[[ TASK INPUT open ]]

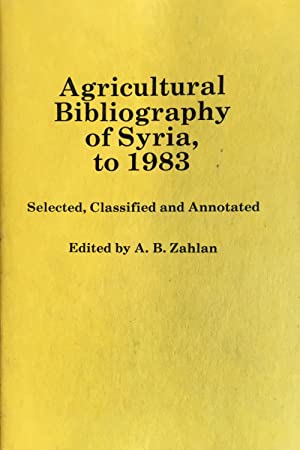 Immagine del venditore per AGRICULTURAL BIBLIOGRAPHY OF SYRIA TO 1983. SELECTED, CLASSIFIED AND ANNOTATED. venduto da Kutub Ltd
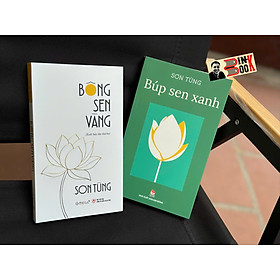(Combo 2 cuốn) BÚP SEN XANH & BÔNG SEN VÀNG – Sơn Tùng – NXB Kim Đồng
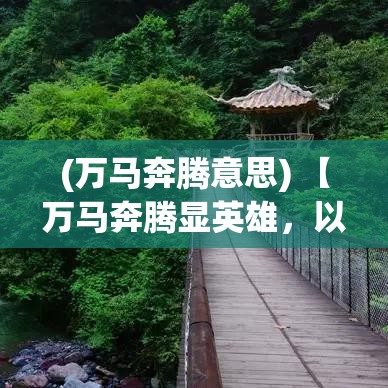 (万马奔腾意思) 【万马奔腾显英雄，以怒破千军一念之间：探秘威力与意志的极致展现】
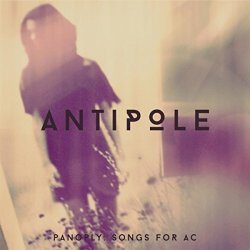 Antipole - Panoply. Songs For Ac (2014) [EP]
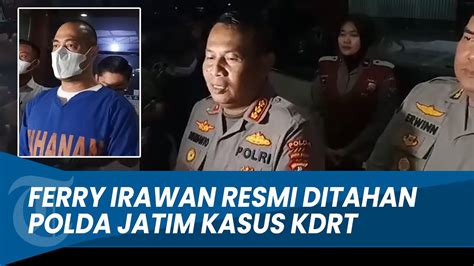 Breaking News Ferry Irawan Resmi Ditahan Polda Jatim Terkait Kasus Kdrt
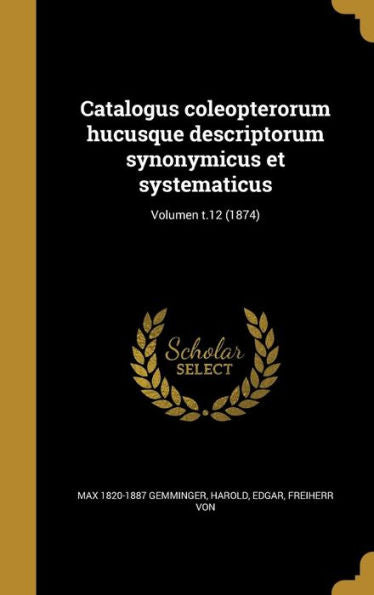 Catalogus Coleopterorum Hucusque Descriptorum Synonymicus Et Systematicus; Volumen T.12 (1874) (Latin Edition)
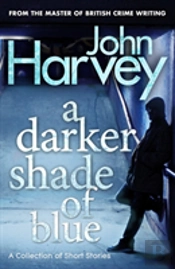 A Darker Shade Of Blue
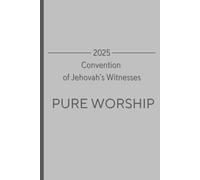 2025 Convention of Jehovah’s Witnesses "PURE WORSHIP": Notebook for the Convention. Grey cover. 6 x 9 inch travel format. 114 pages.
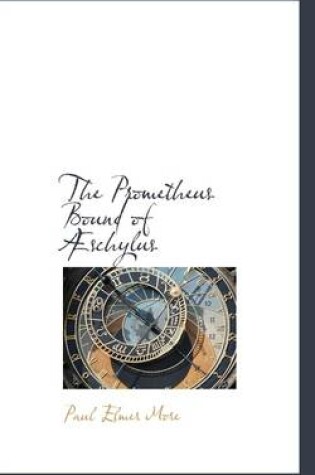 Cover of The Prometheus Bound of Schylus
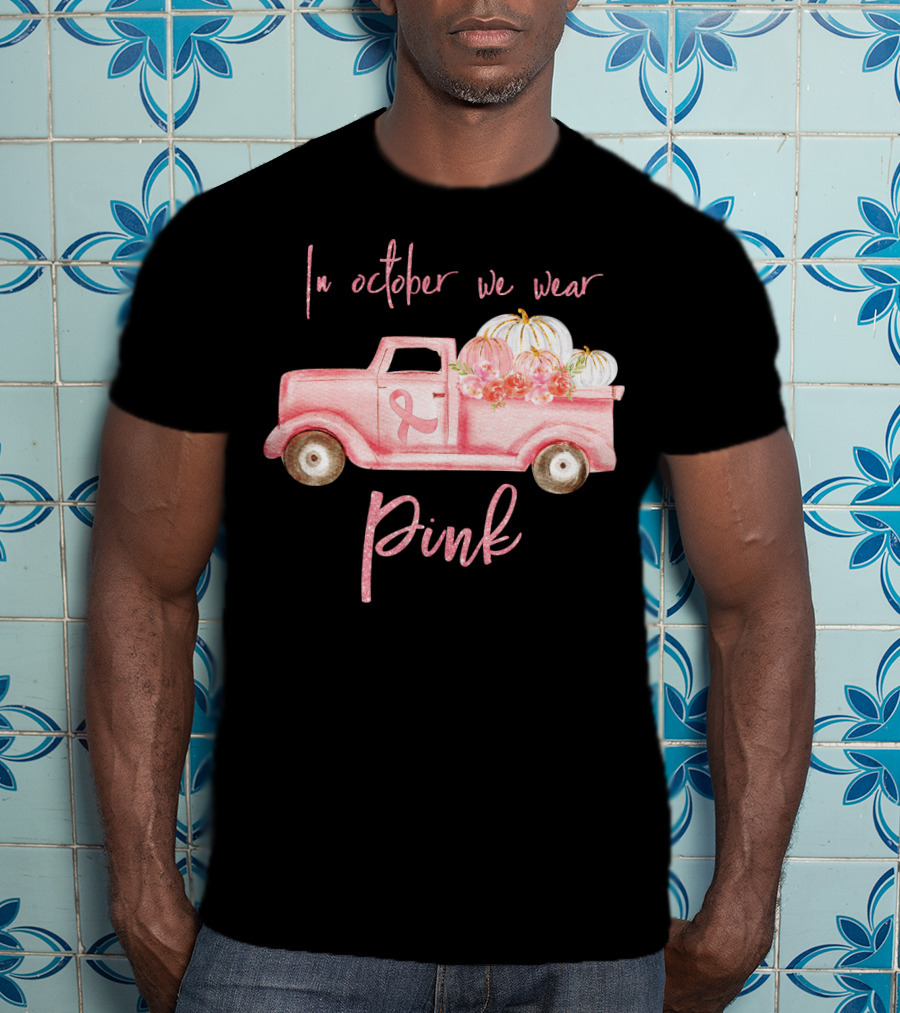 In October We Wear Pink Ribbon Truck With Pumpkins T-Shirt
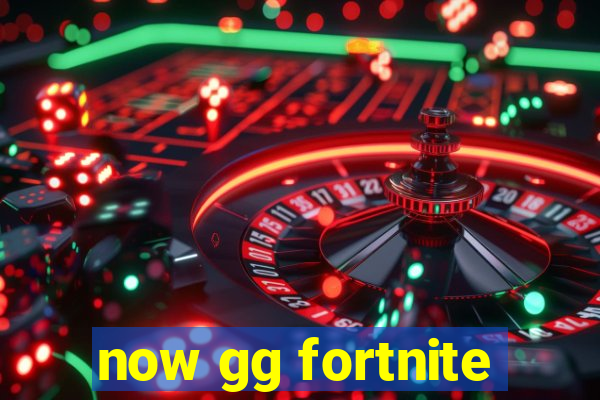 now gg fortnite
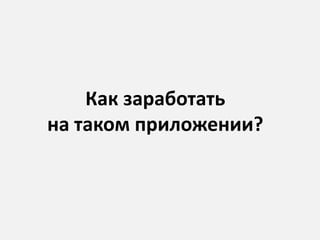 Как заработать
на таком приложении?
 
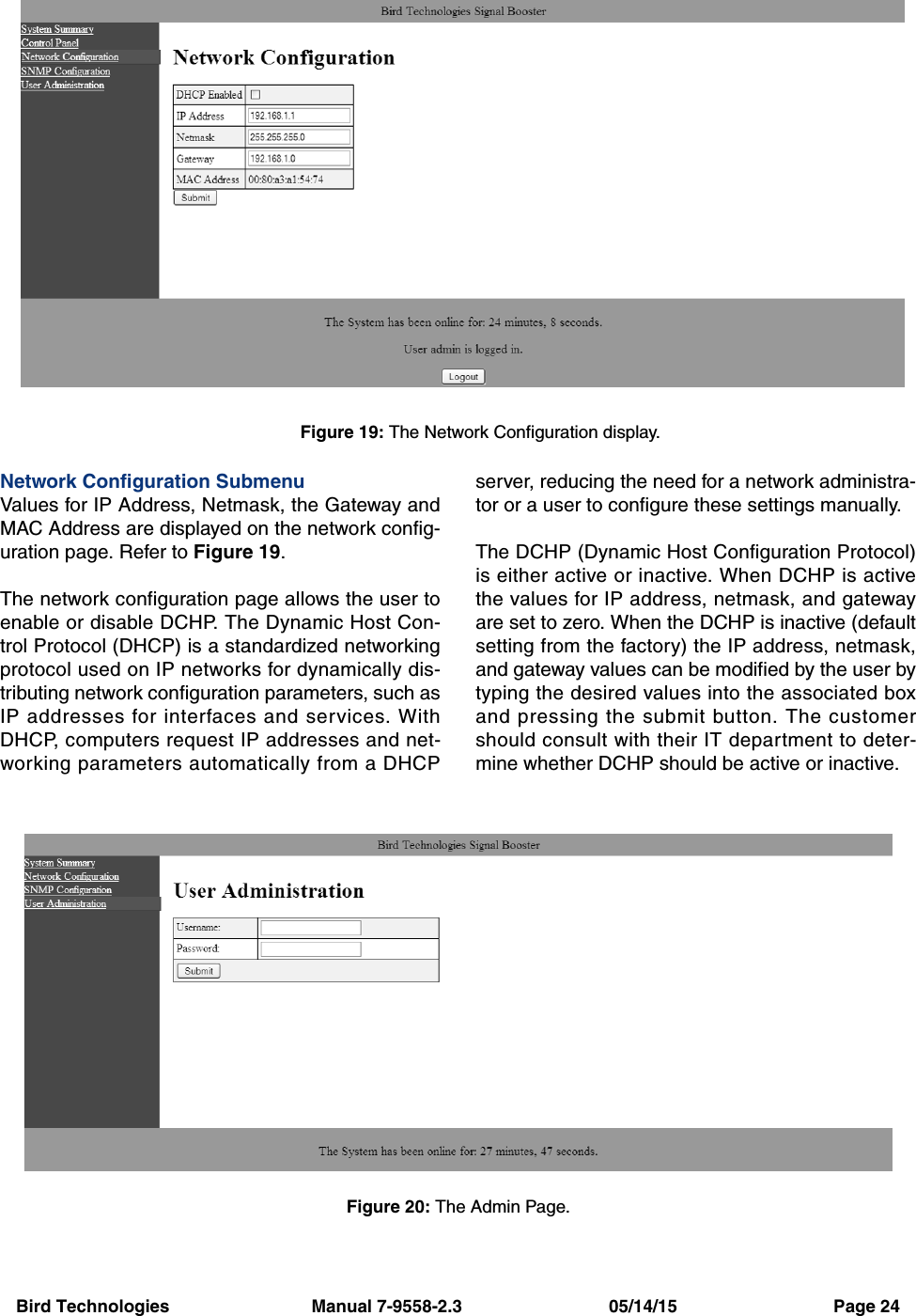 Bird Technologies                             Manual 7-9558-2.3                              05/14/15                                Page 24Network Configuration SubmenuValues for IP Address, Netmask, the Gateway andMAC Address are displayed on the network config-uration page. Refer to Figure 19. The network configuration page allows the user toenable or disable DCHP. The Dynamic Host Con-trol Protocol (DHCP) is a standardized networkingprotocol used on IP networks for dynamically dis-tributing network configuration parameters, such asIP addresses for interfaces and services. WithDHCP, computers request IP addresses and net-working parameters automatically from a DHCPserver, reducing the need for a network administra-tor or a user to configure these settings manually.The DCHP (Dynamic Host Configuration Protocol)is either active or inactive. When DCHP is activethe values for IP address, netmask, and gatewayare set to zero. When the DCHP is inactive (defaultsetting from the factory) the IP address, netmask,and gateway values can be modified by the user bytyping the desired values into the associated boxand pressing the submit button. The customershould consult with their IT department to deter-mine whether DCHP should be active or inactive.Figure 19: The Network Configuration display.Figure 20: The Admin Page.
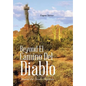 Beyond El Camino Del Diablo: Beyond the Devil's Highway - Hardcover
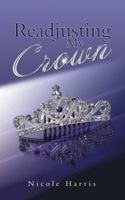 Readjusting My Crown 1546240152 Book Cover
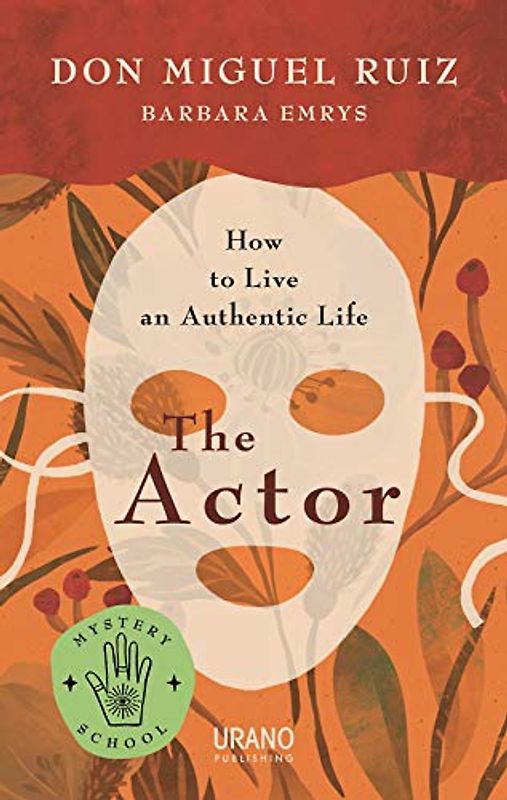 The Actor: How to Live an Authentic Life (Mystery School)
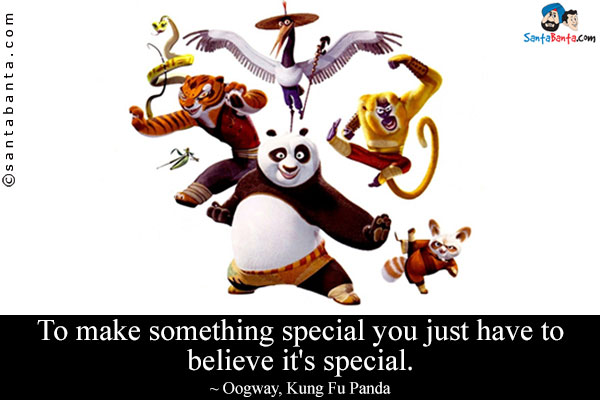 To make something special you just have to believe it's special.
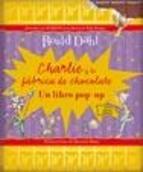 Charlie Y La Fabrica De Chocolate un Libro Pop up Roald Dahl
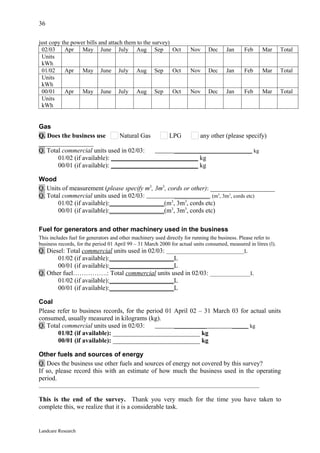 36

just copy the power bills and attach them to the survey)
 02/03     Apr May June July Aug Sep                     Oct           Nov     Dec     Jan      Feb     Mar       Total
 Units
 kWh
 01/02     Apr May June July Aug Sep                     Oct           Nov     Dec     Jan      Feb     Mar       Total
 Units
 kWh
 00/01     Apr May June July Aug Sep                     Oct           Nov     Dec     Jan      Feb     Mar       Total
 Units
 kWh


Gas
Q. Does the business use        Natural Gas    LPG         any other (please specify)
_________________
Q. Total commercial units used in 02/03:         _____________________________ kg
       01/02 (if available): ___________________________ kg
       00/01 (if available): ___________________________ kg

Wood
Q. Units of measurement (please specify m3, 3m3, cords or other): ____________________
Q. Total commercial units used in 02/03:           _____________ (m3, 3m3, cords etc)
       01/02 (if available):_________________(m3, 3m3, cords etc)
       00/01 (if available):_________________(m3, 3m3, cords etc)

Fuel for generators and other machinery used in the business
This includes fuel for generators and other machinery used directly for running the business. Please refer to
business records, for the period 01 April 99 – 31 March 2000 for actual units consumed, measured in litres (l).
Q. Diesel: Total commercial units used in 02/03: _____________________________L
       01/02 (if available):____________________L
       00/01 (if available):____________________L
Q. Other fuel…………….: Total commercial units used in 02/03: _______________L
       01/02 (if available):____________________L
       00/01 (if available):____________________L

Coal
Please refer to business records, for the period 01 April 02 – 31 March 03 for actual units
consumed, usually measured in kilograms (kg).
Q. Total commercial units used in 02/03:            ____________        ______ kg
       01/02 (if available): ___________________________ kg
       00/01 (if available): ___________________________ kg

Other fuels and sources of energy
Q. Does the business use other fuels and sources of energy not covered by this survey?
If so, please record this with an estimate of how much the business used in the operating
period.
__________________________________________________________________________________

This is the end of the survey. Thank you very much for the time you have taken to
complete this, we realize that it is a considerable task.


Landcare Research
 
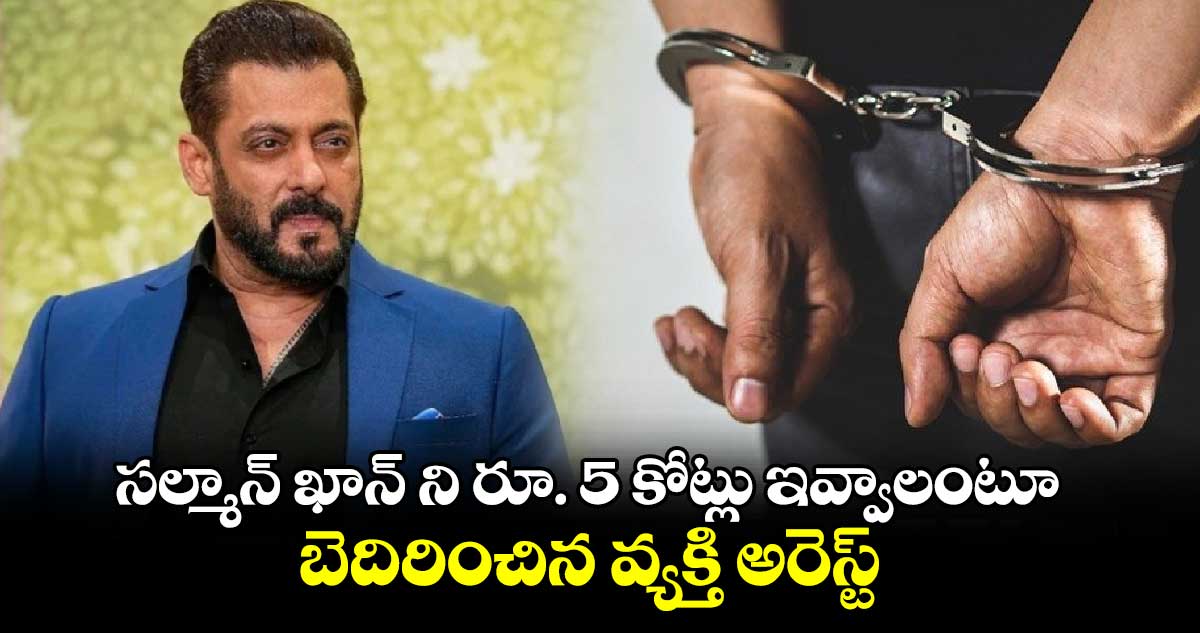 సల్మాన్ ఖాన్ ని రూ. 5 కోట్లు ఇవ్వాలంటూ బెదిరించిన వ్యక్తి అరెస్ట్..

[[ TASK INPUT closed ]]

EXERCISE GOAL: Using the records above, list each line that includes "Does".

ANSWER TO THIS PROBLEM:
Q. Does the business use        Natural Gas    LPG         any other (please specify)
Q. Does the business use other fuels and sources of energy not covered by this survey?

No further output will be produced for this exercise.